Итог, удобоваримый для семьи Мотидзуки по меркам самой Мотидзуки - единственной, кто носит фамилию с максимально возможным старанием по чести и одновременно не по праву, - девушку устраивает. Крошечные капельки влаги, оставшиеся на наличнике, скоро сотрёт ветерок, слегка треплющий сейчас волосы полукровки. Едва заметный шелест листвы на ветру, перемежаемый отзвуками приглушённых голосов чьего-то разговора из чужого окошка чуть в стороне - единственное, что окружало Судзуки ровным и уютным фоном с момента, когда час назад та принялась остервенело мешать ближайшим соседям шебуршением тряпки под их окнами, и окружает её до сих пор, уже по возвращении, словно непреложная константа для этого безлюдного закоулка Линь Ян Шо. На замеченный периферическим зрением движущийся тёмный объект, его траекторию и неожиданный звук, без предупреждения вклинившийся в идиллическую атмосферу с противоположной стороны общежития, подозрительный куда сильнее, чем свежевымытое окно, Хидна резко поворачивает голову - и, озадаченная, крадучись шагает разведать обстановку, по пути считая окна. Звук хорошо знакомый и понятный, но при этом смутно, необъяснимо тревожный. Эмоциональным реакциям, зачастую всплывающим из ниоткуда без ярлыков с пояснениями, словно собой разумеющимся, хафу давно отвыкла удивляться и даже придавать сколь-либо серьёзное значение - но здесь этому понятному звуку, казалось бы, неоткуда и взяться.

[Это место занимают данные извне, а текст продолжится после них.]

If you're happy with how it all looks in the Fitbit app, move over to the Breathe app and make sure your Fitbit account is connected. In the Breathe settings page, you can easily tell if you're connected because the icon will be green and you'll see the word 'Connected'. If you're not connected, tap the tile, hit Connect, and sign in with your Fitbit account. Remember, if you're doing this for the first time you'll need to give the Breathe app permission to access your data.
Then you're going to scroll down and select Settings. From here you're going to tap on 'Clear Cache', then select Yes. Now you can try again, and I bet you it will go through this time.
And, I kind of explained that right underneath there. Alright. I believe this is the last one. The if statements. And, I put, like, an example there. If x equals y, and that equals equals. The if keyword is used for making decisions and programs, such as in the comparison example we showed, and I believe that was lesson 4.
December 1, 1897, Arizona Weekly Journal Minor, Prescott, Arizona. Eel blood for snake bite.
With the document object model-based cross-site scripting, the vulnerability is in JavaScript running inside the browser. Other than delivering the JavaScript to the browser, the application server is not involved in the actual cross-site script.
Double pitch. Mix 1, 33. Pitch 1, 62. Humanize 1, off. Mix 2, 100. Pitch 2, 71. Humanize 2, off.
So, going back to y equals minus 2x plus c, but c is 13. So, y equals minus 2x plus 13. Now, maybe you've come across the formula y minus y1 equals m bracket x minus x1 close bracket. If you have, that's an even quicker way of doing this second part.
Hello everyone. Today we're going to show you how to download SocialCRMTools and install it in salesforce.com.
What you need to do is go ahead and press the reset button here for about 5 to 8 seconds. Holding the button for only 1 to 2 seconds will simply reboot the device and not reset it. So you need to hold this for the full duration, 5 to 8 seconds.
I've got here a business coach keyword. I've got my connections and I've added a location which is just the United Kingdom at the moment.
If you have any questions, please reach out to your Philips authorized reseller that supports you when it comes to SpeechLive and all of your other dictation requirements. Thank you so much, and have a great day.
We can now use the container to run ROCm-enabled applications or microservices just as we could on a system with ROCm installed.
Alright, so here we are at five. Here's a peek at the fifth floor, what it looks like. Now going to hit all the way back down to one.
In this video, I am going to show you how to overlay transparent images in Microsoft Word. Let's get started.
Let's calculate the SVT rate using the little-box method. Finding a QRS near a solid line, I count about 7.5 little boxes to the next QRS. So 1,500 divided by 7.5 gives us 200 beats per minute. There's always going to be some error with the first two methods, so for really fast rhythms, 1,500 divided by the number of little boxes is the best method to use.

- Ты кто? - завидев под очередным окном маленькое серое существо с ушами на полголовы каждое, негромко говорит Судзуки мягким полушёпотом, тут же на месте поневоле расплывается в улыбке, какую дарит людям редко-редко - а спустя какой-то жалкий миг улыбка эта пусть и не меркнет, но увядает и окрашивается горькими тонами. На первый взгляд кажется, что создание не пострадало после падения, но Хидна ни в чём не уверена и обеспокоена. Даром говорят, "любить - желать касаться"; младшая Судзуки, складывающая из своей полусогнутой позы сначала одну ногу, садясь в сэйдза прямо на землю, а потом и другую, ничего не потеряет, если контакта не случится. Хафу готова и издали, не приближаясь, наблюдать и просидеть здесь столько, сколько потребуется, чтобы убедиться, что несчастный зверь с огромными растерянными глазами цел и невредим. За ним обязательно кто-то выйдет из комнаты, иначе просто не может быть - а Хидна, если трогательное существо сию же секунду не сбежит, или даже подпустит нелепого двуногого на расстояние осторожно протянутой пятипалой руки, постарается, по наитию медленно моргая, заслужить доверие серенькой, приласкать её простейшей лаской. Не выйдет - всё равно не бросит и проследит за животным, дабы оно не потерялось.